**What the task asks**
Each line below from the line with "What domains in" to the line with "On the other" must be copied exactly, including those two, and no picture may appear in the copy.

**Task input**
==============================
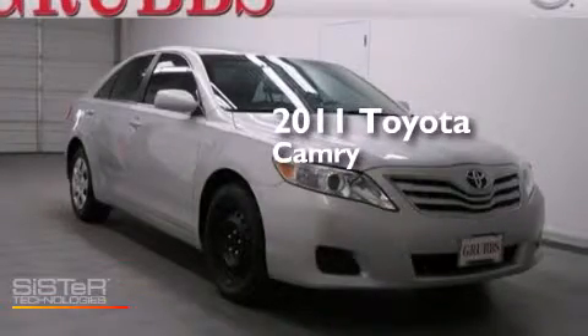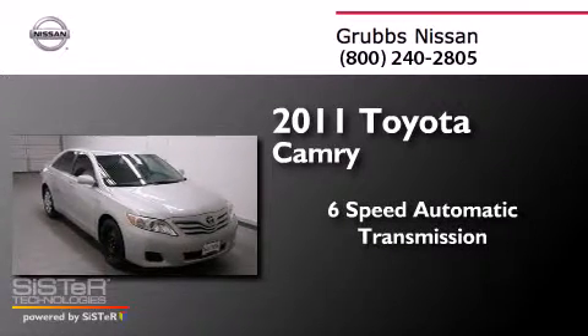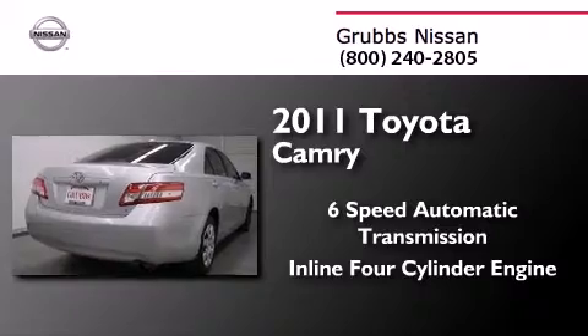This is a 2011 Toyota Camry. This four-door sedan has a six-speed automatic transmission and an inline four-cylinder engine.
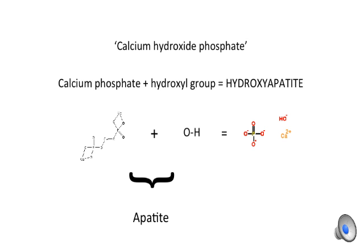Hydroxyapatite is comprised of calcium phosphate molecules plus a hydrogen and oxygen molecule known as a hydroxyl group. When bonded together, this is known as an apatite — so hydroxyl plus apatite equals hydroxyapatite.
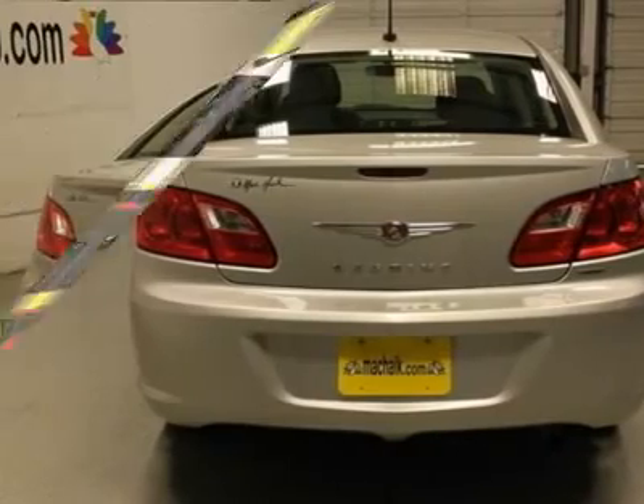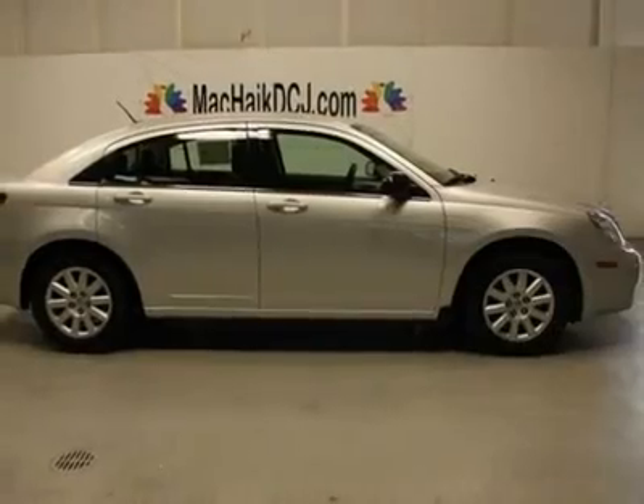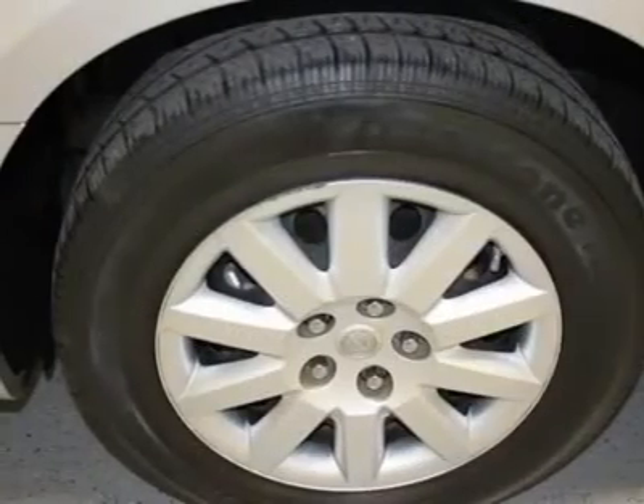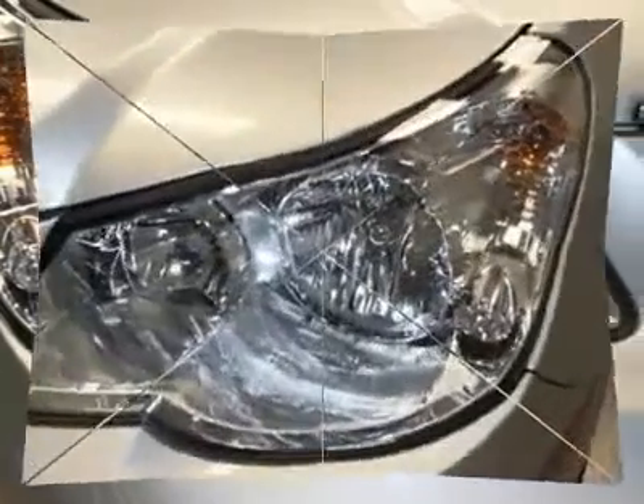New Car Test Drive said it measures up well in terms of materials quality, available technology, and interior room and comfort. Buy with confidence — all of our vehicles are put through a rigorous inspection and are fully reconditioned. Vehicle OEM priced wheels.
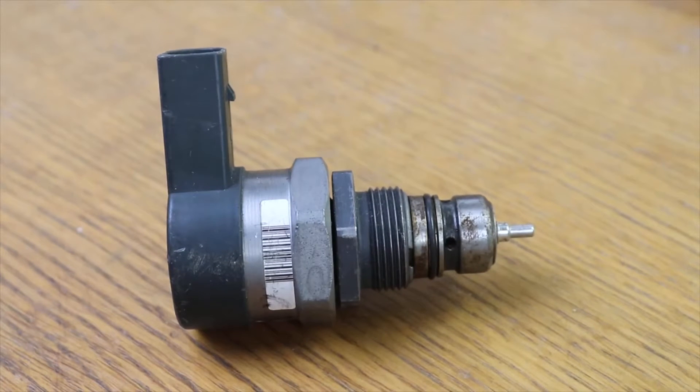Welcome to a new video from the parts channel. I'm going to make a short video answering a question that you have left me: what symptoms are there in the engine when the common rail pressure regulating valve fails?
==============================
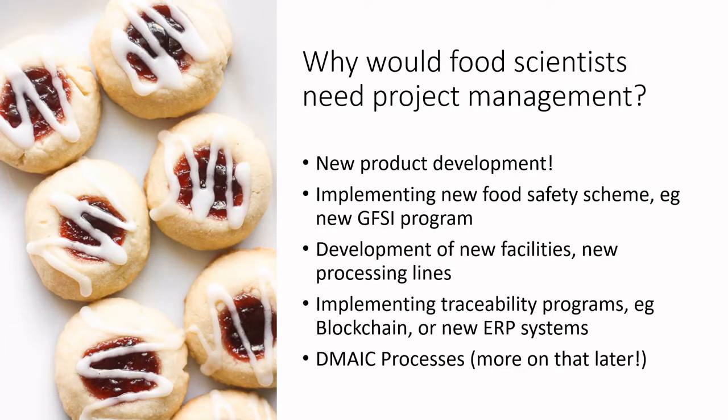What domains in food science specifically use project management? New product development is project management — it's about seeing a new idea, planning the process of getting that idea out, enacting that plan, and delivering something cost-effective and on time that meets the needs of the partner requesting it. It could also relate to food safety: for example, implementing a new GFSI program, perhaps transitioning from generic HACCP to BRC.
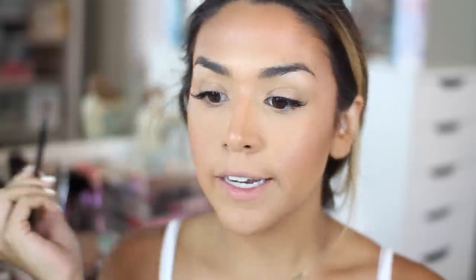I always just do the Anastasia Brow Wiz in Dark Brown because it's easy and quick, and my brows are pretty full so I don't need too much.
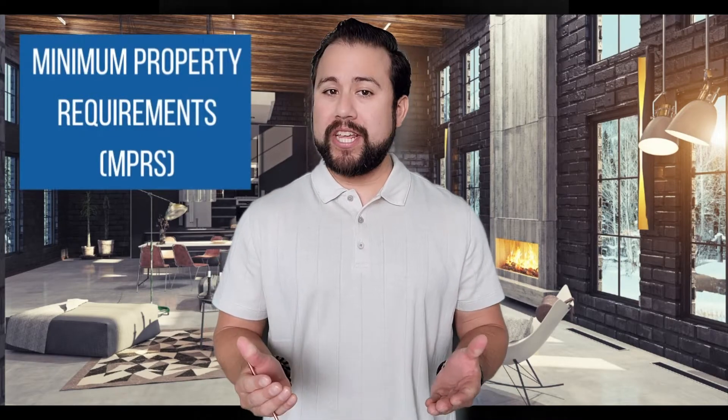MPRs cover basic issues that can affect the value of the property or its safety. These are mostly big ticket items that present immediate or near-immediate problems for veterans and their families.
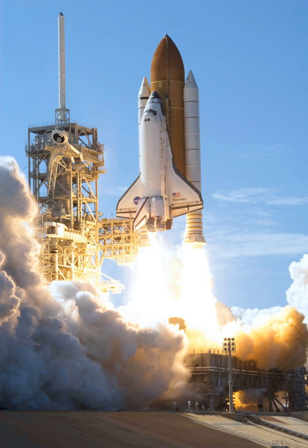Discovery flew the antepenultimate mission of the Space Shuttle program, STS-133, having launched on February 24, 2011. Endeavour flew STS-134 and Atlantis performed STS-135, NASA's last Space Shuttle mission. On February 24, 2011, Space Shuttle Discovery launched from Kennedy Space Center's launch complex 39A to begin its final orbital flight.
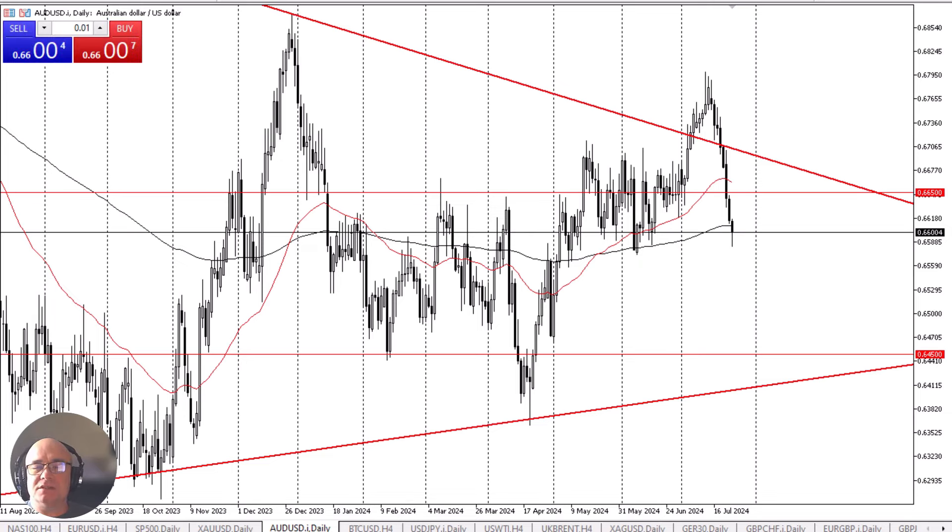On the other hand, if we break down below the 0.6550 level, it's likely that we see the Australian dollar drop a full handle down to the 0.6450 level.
==============================
**Result**
What domains in food science specifically use project management? New product development is project management — it's about seeing a new idea, planning the process of getting that idea out, enacting that plan, and delivering something cost-effective and on time that meets the needs of the partner requesting it. It could also relate to food safety: for example, implementing a new GFSI program, perhaps transitioning from generic HACCP to BRC.
I always just do the Anastasia Brow Wiz in Dark Brown because it's easy and quick, and my brows are pretty full so I don't need too much.
MPRs cover basic issues that can affect the value of the property or its safety. These are mostly big ticket items that present immediate or near-immediate problems for veterans and their families.
Discovery flew the antepenultimate mission of the Space Shuttle program, STS-133, having launched on February 24, 2011. Endeavour flew STS-134 and Atlantis performed STS-135, NASA's last Space Shuttle mission. On February 24, 2011, Space Shuttle Discovery launched from Kennedy Space Center's launch complex 39A to begin its final orbital flight.
On the other hand, if we break down below the 0.6550 level, it's likely that we see the Australian dollar drop a full handle down to the 0.6450 level.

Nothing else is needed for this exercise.